Wealthy Frenchman

Friday, April 20, 2007

Back Bush's war strategy? Then bring back the draft



McClatchy Newspapers

Here's a question for those who still support President Bush's strategy to stretch out the Iraq War until after he's left office, and for those who think we should be prepared to continue our bloody occupation of Iraq for five or 10 more years:

Are you ready to support reinstating Selective Service - the draft - even if that means your sons and daughters or your grandchildren will have to put on the uniform and go hold the cities and towns of a nation in the middle of a civil war?

Until now, the burden and sacrifices of military service in Afghanistan and Iraq have been borne by volunteers - young men and women who in large part hail from small towns and counties of our nation.

But the volunteer military, especially the Army and the Marine Corps, has been ground down by endless combat deployments that began with the invasion of Afghanistan in 2001 and may continue for years.

The president's "surge strategy" of adding 30,000 or more troops in Iraq may be the straw that breaks the camel's back. There weren't 30,000 extra troops sitting around doing nothing when the call came.

The surge is being manned by extending the combat tour for Army troops to 15 months, with a "guarantee" of 12 months at home before going back. Soldiers who've been yanked back into combat after seven or eight or 10 months at home - resting, refitting, retraining and getting to know their children - know better than to believe such a promise.

The administration's new plan to add 95,000 new recruits to the force over the next five years is too little, too late, and it can't be achieved without big increases in the cash enlistment bonuses that recruiters wave in front of youngsters whose choices are already limited by who they are and where they live.

The demands of the wars on our troops and their aging, worn-out equipment already have pushed the annual cost of enlistment and re-enlistment bonuses above $1 billion and of recruitment advertising to $120 million annually.

It's becoming clear that the current pace of deployments cannot continue unchecked. All the cheap fixes have been used. Peter has been robbed so often to pay Paul that he has nothing left in his pockets.

Our nation for the first time in many years has no strategic reserve available to respond to a crisis elsewhere in the world. The Army division that was the tripwire in Korea has dwindled down to a brigade of 3,000 troops. The Ready Brigade of the 82nd Airborne Division is standing down after decades of being ready to parachute into a trouble spot on 12 hours' notice so that it, too, can shuffle in and out of Iraq or Afghanistan.

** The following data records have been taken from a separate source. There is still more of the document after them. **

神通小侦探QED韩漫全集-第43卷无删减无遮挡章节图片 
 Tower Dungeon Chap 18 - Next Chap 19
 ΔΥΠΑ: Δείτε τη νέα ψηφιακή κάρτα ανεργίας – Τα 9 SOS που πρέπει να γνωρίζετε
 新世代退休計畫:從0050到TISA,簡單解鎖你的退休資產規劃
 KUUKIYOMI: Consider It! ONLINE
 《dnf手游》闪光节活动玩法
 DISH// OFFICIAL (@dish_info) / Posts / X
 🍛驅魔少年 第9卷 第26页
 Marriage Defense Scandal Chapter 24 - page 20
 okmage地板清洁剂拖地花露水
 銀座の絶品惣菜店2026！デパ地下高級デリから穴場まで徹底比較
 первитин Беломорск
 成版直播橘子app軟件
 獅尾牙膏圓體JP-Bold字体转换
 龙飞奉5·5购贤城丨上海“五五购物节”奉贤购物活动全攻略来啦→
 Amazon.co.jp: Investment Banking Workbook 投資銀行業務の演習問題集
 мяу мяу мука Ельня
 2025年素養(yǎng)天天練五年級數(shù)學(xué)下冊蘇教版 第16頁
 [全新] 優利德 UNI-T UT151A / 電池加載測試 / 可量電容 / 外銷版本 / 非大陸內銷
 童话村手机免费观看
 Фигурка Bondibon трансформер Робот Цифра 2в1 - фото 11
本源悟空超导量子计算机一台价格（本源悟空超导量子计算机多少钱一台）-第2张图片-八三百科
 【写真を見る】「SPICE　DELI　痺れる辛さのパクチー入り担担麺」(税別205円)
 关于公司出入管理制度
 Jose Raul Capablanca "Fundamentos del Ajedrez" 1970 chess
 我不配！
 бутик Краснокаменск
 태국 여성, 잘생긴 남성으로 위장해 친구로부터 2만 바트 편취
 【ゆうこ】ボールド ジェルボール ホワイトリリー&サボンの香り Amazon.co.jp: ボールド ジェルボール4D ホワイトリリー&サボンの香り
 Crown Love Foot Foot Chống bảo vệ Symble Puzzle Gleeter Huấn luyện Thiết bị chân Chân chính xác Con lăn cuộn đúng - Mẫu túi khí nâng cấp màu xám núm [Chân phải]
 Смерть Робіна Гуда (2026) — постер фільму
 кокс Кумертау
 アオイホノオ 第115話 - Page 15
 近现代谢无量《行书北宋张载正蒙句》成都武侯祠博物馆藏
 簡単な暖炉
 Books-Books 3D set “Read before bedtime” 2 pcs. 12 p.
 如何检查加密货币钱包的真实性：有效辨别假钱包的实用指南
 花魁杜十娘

The brigades and divisions home from a deployment cannot be counted on in a major crisis. Most are immediately whittled down to 65 percent or 70 percent of their authorized strength upon their return home as hundreds and thousands of troops complete involuntary extensions of their enlistment or are assigned to military schools to study or teach. Most of their combat equipment, including armored vehicles, is left behind in the war zone to be used by their replacements.

The barrel has been scraped so hard and so often that it no longer even has a bottom.

On Capitol Hill this week, the subject of restoring the draft after more than three decades of the all-volunteer force was gingerly raised in a House subcommittee hearing in the face of near-unanimous opposition by the Bush administration, the military chiefs in the Pentagon and politicians afraid of the consequences of embracing an unpopular solution even if it's the only one left.

All of them know that a fairly administered Selective Service system that distributed the burden of military service to rich and poor alike, with deferments limited to physical and mental disqualifiers, would ensure that 99.5 percent of Americans would suddenly have a huge investment in any suggestion that going to war is a quick and easy solution to a foreign problem.

Does anyone really believe that the war in Iraq would have dragged on for four-plus years if draftees from all over the country were doing the fighting and dying and suffering quietly absorbed by today's volunteer troops and their families?

If you aren't prepared to invest your son or daughter in continuing this war, then it's time for you to give some serious thought to how and when it can be ended, and what the candidates for president in 2008 are saying about an open-ended commitment of other Americans' sons and daughters to a war we can't afford and can't win.